▸ Work to complete
Starting with the line that contains "DALIA T2329 GRIS CREMA 60x90cm TAPETE - LN", repeat each line exactly through the final line of the listing. No picture should appear in the copy.

▸ Data shown
● ● ●

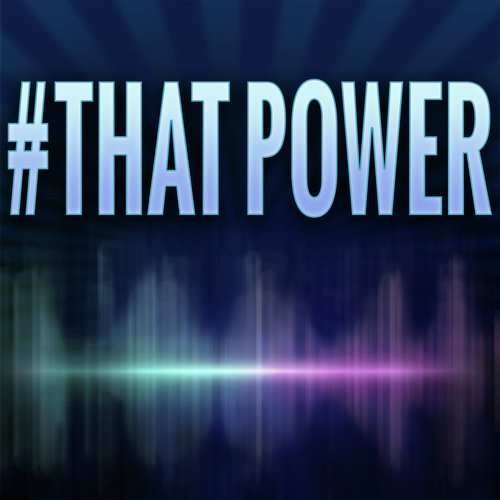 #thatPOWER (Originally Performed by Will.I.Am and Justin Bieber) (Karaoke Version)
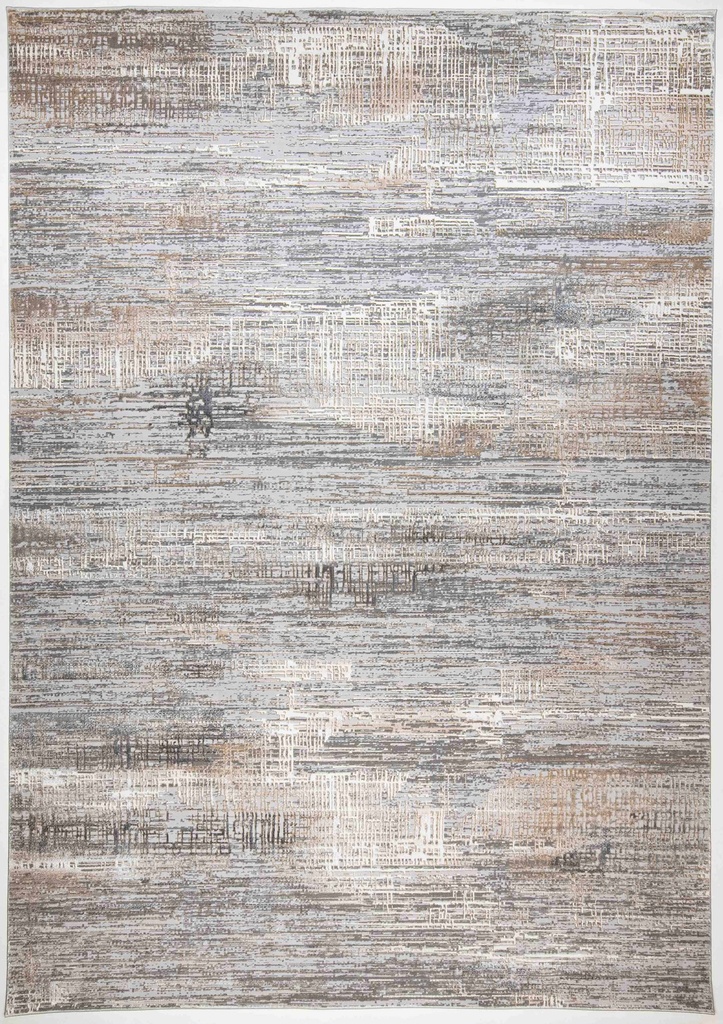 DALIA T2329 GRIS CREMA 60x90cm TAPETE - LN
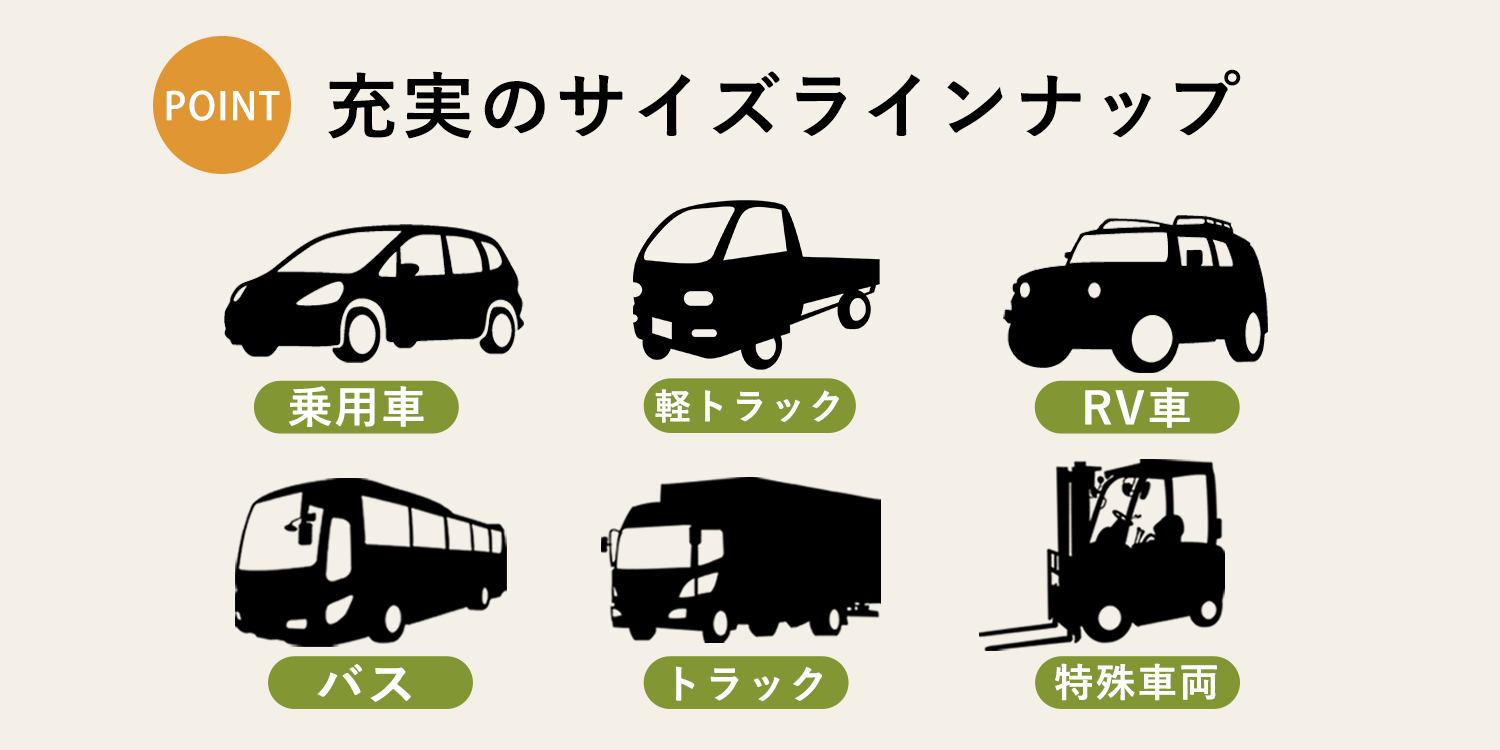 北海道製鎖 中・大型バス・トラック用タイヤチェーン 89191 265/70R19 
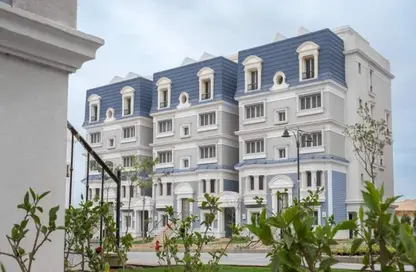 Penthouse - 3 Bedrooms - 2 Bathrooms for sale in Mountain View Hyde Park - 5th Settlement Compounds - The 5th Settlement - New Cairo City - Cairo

● ● ●

▸ Task solution
 DALIA T2329 GRIS CREMA 60x90cm TAPETE - LN
 北海道製鎖 中・大型バス・トラック用タイヤチェーン 89191 265/70R19 
 Penthouse - 3 Bedrooms - 2 Bathrooms for sale in Mountain View Hyde Park - 5th Settlement Compounds - The 5th Settlement - New Cairo City - Cairo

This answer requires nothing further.